Switching colors is risky because you may have already passed cards that would have been useful. But staying in a dried-up color is even worse. The key is to identify the need to switch early, ideally during pack one.

Drafting for Synergy

Many MTG sets have draft archetypes built around specific synergies. Understanding these archetypes and how to draft them is essential for maximizing your deck's power.

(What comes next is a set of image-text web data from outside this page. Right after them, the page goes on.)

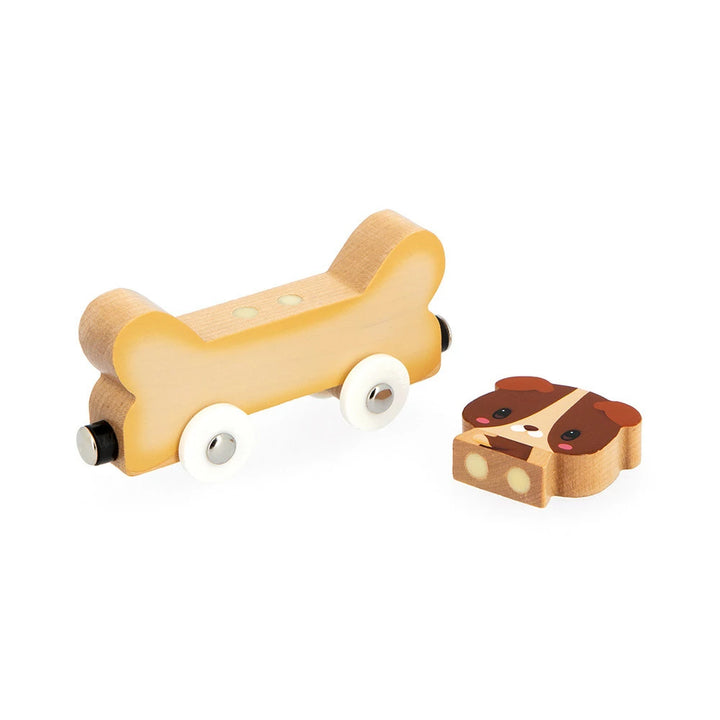 Holz-Hundefigur neben dem knochenförmigen Auto aus dem Janod Set magnetische Haustiere.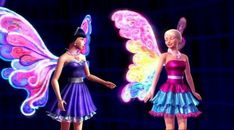 two girls dressed in colorful dresses standing next to each other with butterfly wings on their shoulders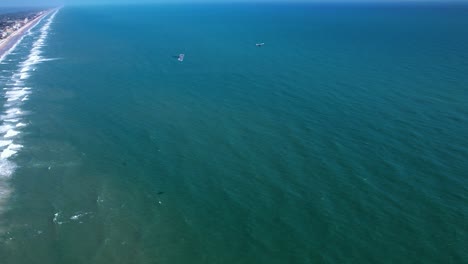 Plane-draging-a-advertisement-banner-over-the-coastal-sea-in-Florida,-USA---Aerial-view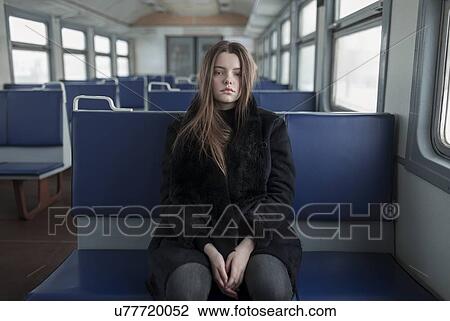 Young woman wearing black fur coat on train View Large Photo Image Stock Image - Young woman wearing black fur coat on train. Fotosearch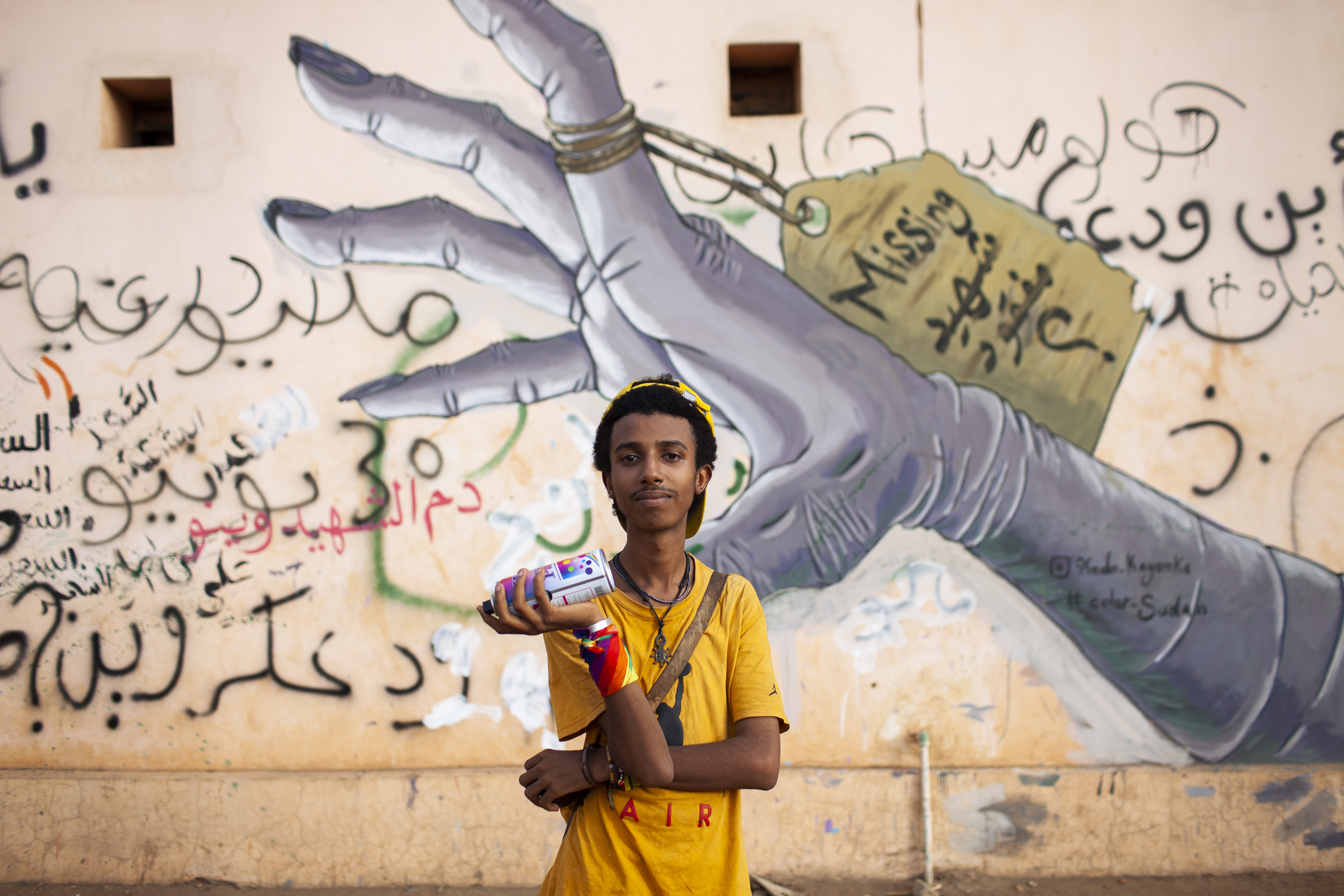 Medo Kagonka is a graffiti artist who became known for his provocative murals during the 2019 revolution, including this one on the wall of the city's morgue [Matteo Lonardi/Al Jazeera]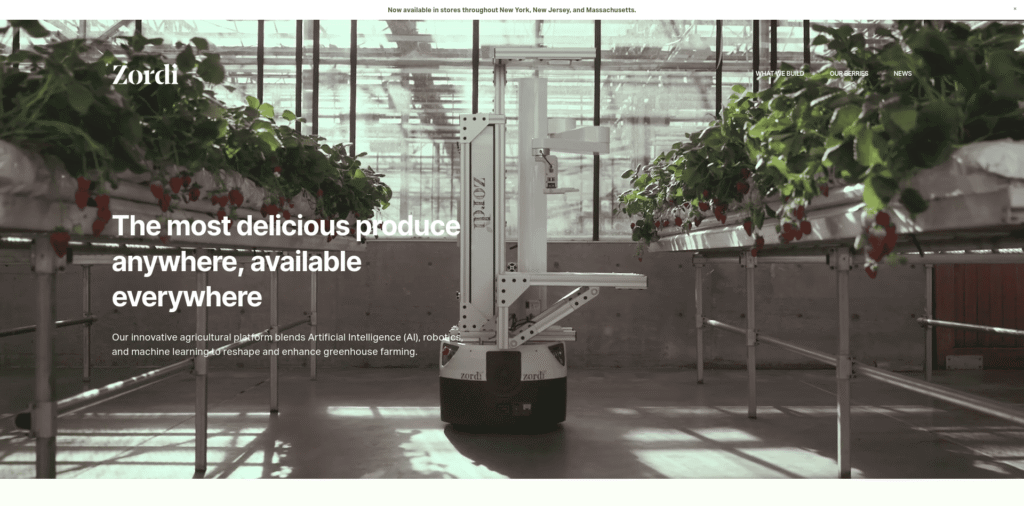 - RobotsInc.com Robotic farming system in a greenhouse among strawberry plants; bold headline reads 'The most delicious produce anywhere, available everywhere'.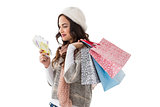 Happy brunette holding cash and shopping bags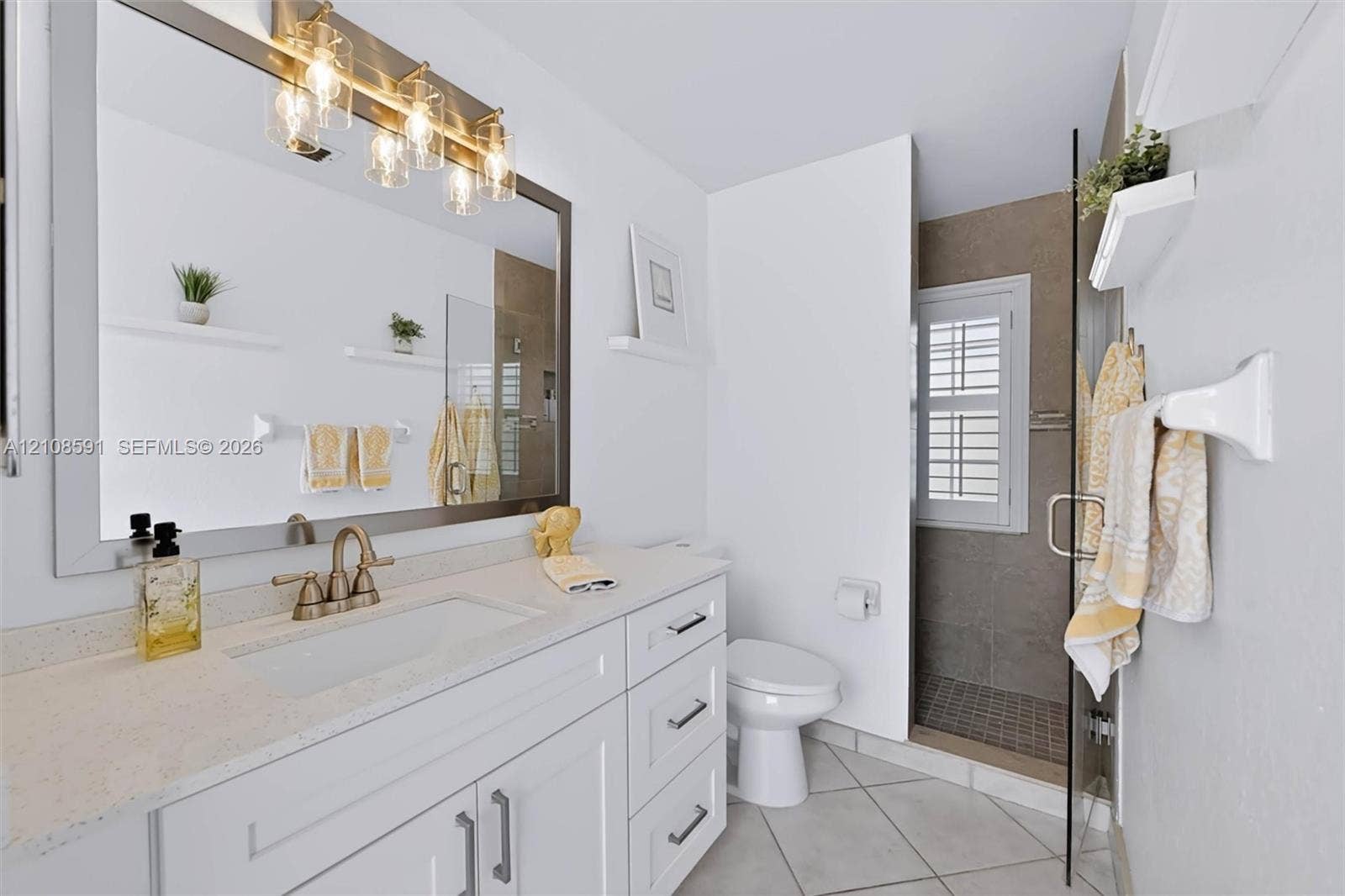 415 SW 200th Terrace, Pembroke Pines, FL 33029 Bathroom vanity featuring white shaker-style cabinetry, a light-toned solid surface countertop, an integrated rectangular sink, a multi-light fixture, and a walk-in shower with a glass door and neutral wall tile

For example, a set might have an archetype that rewards you for playing enchantments, or one that benefits from having creatures in your graveyard. Identifying the available archetypes early and drafting cards that support them can produce decks that are significantly more powerful than a collection of individually good cards.

Playing Your Draft Deck

Mulligan Decisions

In limited, the mulligan rules are generally more forgiving than in Constructed, but the principle is the same: keep hands that have a playable curve and enough lands. Seven-card hands with two or three lands, a mix of cheap and expensive spells, and a clear early-game plan are usually keeps.

Sideboarding in Best-of-Three

If you are playing best-of-three after drafting, you can swap cards between your main deck and sideboard between games. In Quick Draft, your sideboard consists of all the cards you drafted but did not include in your main deck.

Common sideboarding adjustments include:

  • Bringing in cheap removal against aggressive decks
  • Adding evasion creatures against control or midrange decks
  • Swapping in specific answers for cards that performed well against you in game one

Playing to Your Deck's Strengths

Every limited deck has something it does well. Whether that is going wide with small creatures, controlling the board with removal, or winning with a single powerful threat, you should identify your deck's plan and execute it consistently.

One of the most common mistakes limited players make is trying to do something their deck is not built for. If you drafted an aggressive deck, do not try to play a control game. If you have a slow, powerful deck, do not rush to dump your hand onto the table.

Going Infinite

One of the ultimate goals for dedicated limited players is going infinite, meaning you win enough to enter draft after draft without spending additional gold or gems. To go infinite in Quick Draft, you generally need to win at least four or more games on average per draft.

Achieving a four-plus win average requires strong drafting skills, solid gameplay, and good format knowledge. It is a challenging but achievable goal for players who are willing to invest the time to improve.

Tips for Improvement

Watch Streamers and Content Creators

Watching experienced players draft is one of the fastest ways to improve. Pay attention to their pick order, deck construction decisions, and gameplay choices. Many content creators do regular Quick Draft videos that are directly applicable.

Replay Your Games

After a draft, go back and review your games. Look for plays you could have made differently and decisions that cost you the game. This kind of self-analysis is invaluable for improvement.

Focus on Fundamentals

It is tempting to focus on flashy plays and complex interactions, but most limited games are won and lost on fundamentals: having enough creatures, playing on curve, making correct combat decisions, and using removal at the right time.

Draft Frequently

The more you draft, the better you will become. Each draft teaches you something new about the format, the card evaluations, and your own decision-making process. Quick Draft is the ideal format for this kind of repetition because of its lower cost.

Conclusion

Quick Draft is one of the best value propositions on MTG Arena. It is affordable, educational, and genuinely fun. By understanding the fundamental concepts, learning to read the format, and practicing regularly, you can develop into a formidable limited player.

Remember that improvement in drafting is a gradual process. You will not see dramatic results overnight, but if you apply the strategies in this guide consistently, you will notice your win rate climbing over time. Draft well, play tight, and enjoy the journey.